Feelings of powerlessness and being “fed up” didn’t just start today. They’ve become a larger way of feeling over time. They are a larger way of avoiding and “dealing” with what isn’t working. These feelings of oppression are largely a way of feeling sorry for yourself, angry that you are, and they are directed back at you in the form of feeling “powerless.”
When something doesn’t feel good it’s telling you to ask what you want. What do you really, really want?
However, there is something you can do that can help. When you feel largely in a negative way, go to a
positive place. Use the Emotional Gym and go to a feeling of love, peace, gratitude and joy that is not an escape from the problem but a place that is easier for you to observe it. You can’t use the Emotional Gym to hide from negative feelings, but you can use it to better look at why they are there. Practicing positive feelings will give you a buffer of a better place to observe what you let get you down. Go to a higher place and look at what feeling “oppressed” or “powerless” is telling you. How much of it is a habit that needs to change? What do you need to stay away from? Just what needs to be different? If you can’t figure it out, talk it out with someone.
When you largely feel “oppressed” or “powerless” you attract more of the same.

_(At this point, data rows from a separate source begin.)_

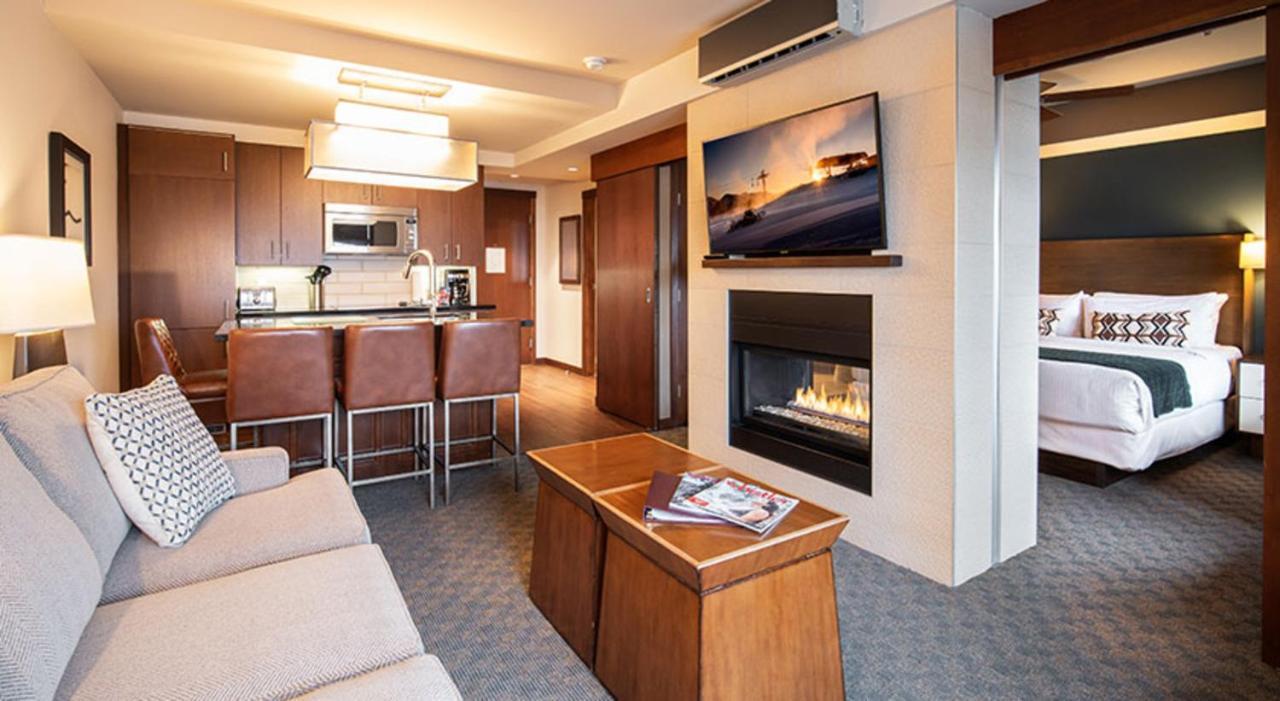 Aparthotel Evolution Whistler Zewnętrze zdjęcie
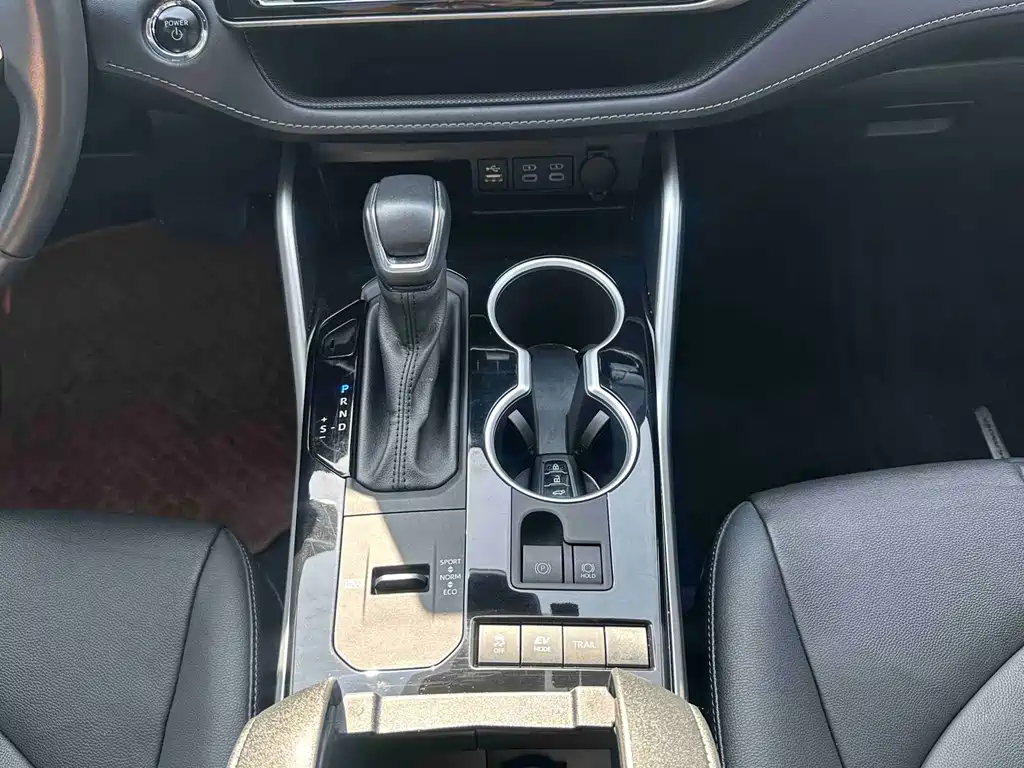 Toyota Highlander 2024 2.5L Luxury 7 мест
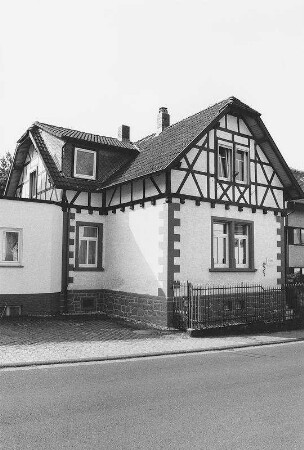 Wohnhaus; Gelnhausen, Karlstraße 8
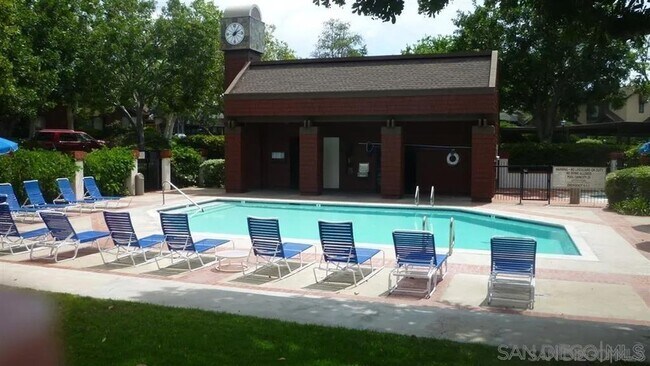 Foto del edificio - 8434 Summerdale Rd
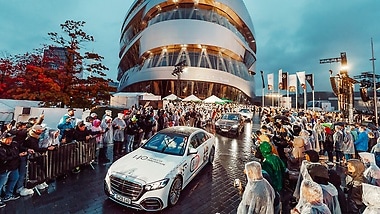 Die drei S-Klasse Limousinen kehrten nach über 65.000 Kilometern durch 55 Länder auf sechs Kontinenten nach Stuttgart zum Mercedes-Benz Museum zurück.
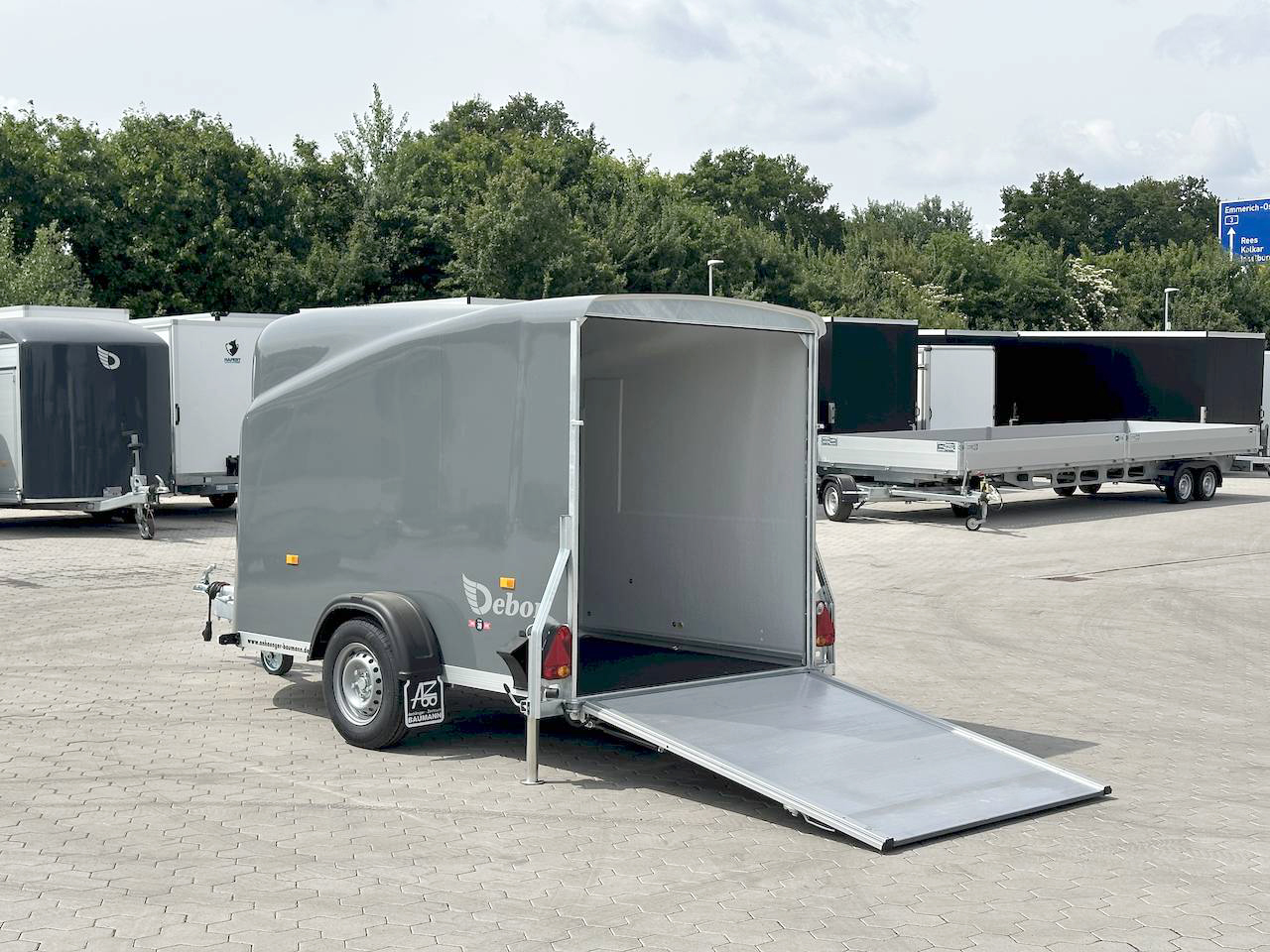 CHEVAL LIBERTE DEBON CARGO 1300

When we make a decision to move in another direction and realize that you can feel a little gratitude or a little peace or a little love, you start to shake loose from feeling overwhelmed and oppressed.
Much of the time we are just too easily oppressed and overwhelmed, and feeling like a victim is an excuse for not taking action, for not being direct, and for not being clear with yourself about what you want.

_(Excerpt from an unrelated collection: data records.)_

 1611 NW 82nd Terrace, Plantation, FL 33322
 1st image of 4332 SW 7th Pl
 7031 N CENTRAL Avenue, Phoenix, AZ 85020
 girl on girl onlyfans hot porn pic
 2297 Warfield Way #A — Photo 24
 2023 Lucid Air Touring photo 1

By Dr. William K. Larkin on March 9, 2009
There is within us this search for unity, wholeness, and oneness. We are always being drawn to it and the more separated we are from ourselves and others and from this ultimate source of unity, the more discontent and out of our own skins we are. We are drawn, as if to a magnet to Oneness and Unity. But how to get there?

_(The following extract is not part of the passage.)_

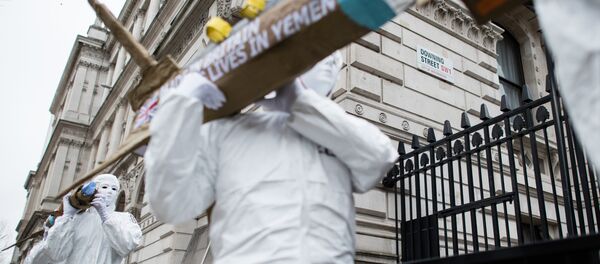 Ativistas da Anistia Internacional carregam modelos de mísseis no centro de Londres para denunciar a exportação de armas do Reino Unido para a Arábia Saudita, 18 de março de 2016 - Sputnik Brasil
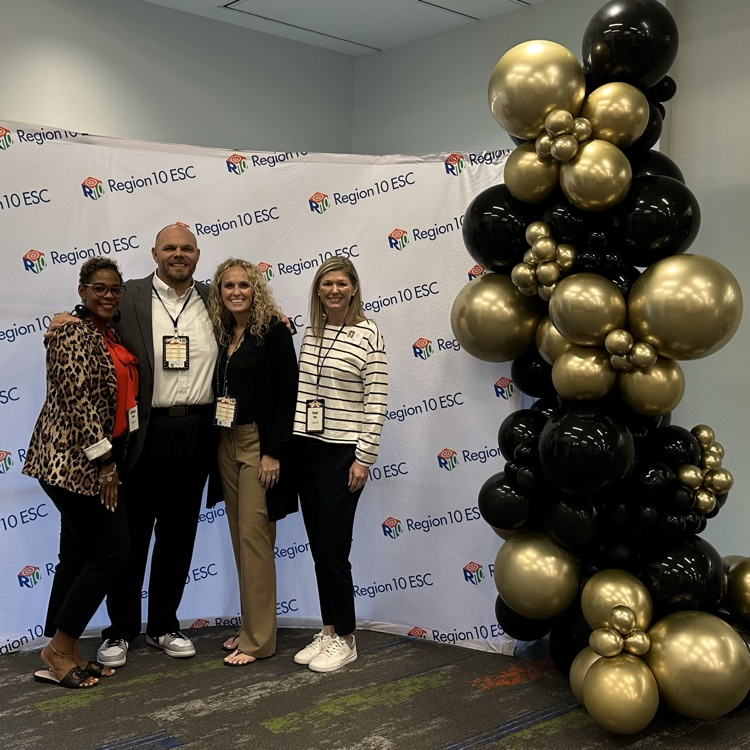 SpradleyElem's tweet photo. This is a great day of learning! These PISD administrators had the privilege of attending the Innovate Principal Conference at Region 10. #foreverlearners https://t.co/S64QgB88Da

As simple as it is, our state of mind can take us there by plugging us in to this sense of unity. When you practice the Emotional Gym, especially the exercise of pulsing, you are going to be headed in that direction. Even in the beginning, when it seems that you can't even feel the feelings of love, peace, gratitude and joy and you can only think them, the contrast of that experience causes you to look at how your thinking or your behaviour needs to alter, usually just a little at a time. By no means do we have to be in a perfect place to feel any of these emotions. They will come just by wanting them and they will increase over time. You do not have to be whole or well or complete to get them. These feelings are at your finger tips and they are there for you all the time, even in the midst of loss and difficulty. They are present and possible even in pain.
Positive emotions like joy and love lead to a sense of unity. In the face of anything, you can have them. In the midst of suffering, you may be
only able to think them, but by wanting them, they come. Begin by pulsing them on a scale of 1-10. "1" is a little bit of them and "10" is a great amount. It is not great amounts of them that matter; it is small amounts of them over time that matter.
100 pulses of love, peace, joy and gratitude a day will do more for you than one or two very big experiences of these emo
tions in a month. Just pulse a little of them each day, over and over and over until they become the ambient sound track in the back of your mind. They will begin to play like a song that you can't get out of your mind.
Zorba, in the midst of deep grief over the loss of his son, chose to dance. Dance with these emotions that are also states of mind, and your intention to feel them will grow, and they will answer you back and grow within you.